It means looking at the ideas that were operative in societies that did much better than us in living their lives. I think for our bioregion, the Ottawas, for instance, had a society where the major aspects of social and personal relationships were worthy of emulation. The culture brought here by the European invaders was a disaster for both the carriers of it as well as their victims. Unfortunately, we are the inheritors of that culture which is a planet eater and not the one which knew how to live in harmony with the earth.
The task of resurrecting the Old Ways as a basis for a new world is challenging, but also rewarding. Actually, we have no other choice if we have any hopes for our children and the future of the planet.
Mark: Tell us a little about Food Not Bombs (FNB).
Keith: I’m one of the co-founders of Food Not Bombs. There were eight of us in 1980 that started the group. We came out of the Clamshell Alliance. The Clamshell Alliance was trying to shut down Seabrook Nuclear Power Plant, and it was a collection of mostly anarchists but also included Quakers and the Red Clams, who were socialists.
Keith explained at length the beginnings of Food Not Bombs. One of the early inspirational events was a street theater against the First National Bank in Boston whose directors were tied to the nuclear arms industry. As part of the theater, they invited homeless from a shelter to a 30’s style soup line in depression style costumes. “Your banking policies will cause economic collapse like the Great Depression.”
Keith: It was really inspiring. So we all quit our jobs. We started this collective house called Food Not Bombs. To finance the thing, we were trying to sell mushrooms and pot. That was really intense. Some people suggested we sell cocaine. But we discovered cocaine was something the contras were using, so we thought for political reasons we would not get into it. We thought in 1980 cocaine was a safe non-addictive drug. But we know now that’s crazy.

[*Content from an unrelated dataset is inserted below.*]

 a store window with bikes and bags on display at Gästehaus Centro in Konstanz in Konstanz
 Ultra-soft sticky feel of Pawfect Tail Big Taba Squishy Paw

Mark: So then FNB really took hold nationally.
Keith: For the first 8 years there was only Boston FNB. We had about 3 different houses. Everything came from garbage. Recycled food. Recycled cameras. We made massive plays and grafitti.
As you were mentioning, it did grow. I got chased out of Boston protesting the eviction of people in the wake of the World Series in 1986. I started a second group in San Francisco. And that group got arrested on August 15, 1988. These arrests started this whole series of arrests and there were ultimately over 1,000 arrests in San Francisco for serving free food. Every time there was a wave of arrests, there would be more FNB chapters started. Now there’s over 200 chapters, probably, worldwide.
Autonomous anti-authoritorian groups are growing rapidly worldwide. It’s great that people are starting to understand that it’s arbitrary that banks and wealthy people own property. Many people around the world realize that’s ridiculous. We allow them to pull that over on us. That way of social order is as arbitrary as any other.
Mark: Tell me about Food Not Bombs activists.
Keith: When you come into a town, you can pick out the FNB activists. There’s a certain energy among the people doing FNB. They’re really doing something. They’ve had to solve a lot of problems. Logistical problems. There’s kind of this pride, this energy, that we can do things. The lack of hierarchy is really evident between FNB and the people on the streets. The intermingling at our food sharings is totally different from the traditional church soup line.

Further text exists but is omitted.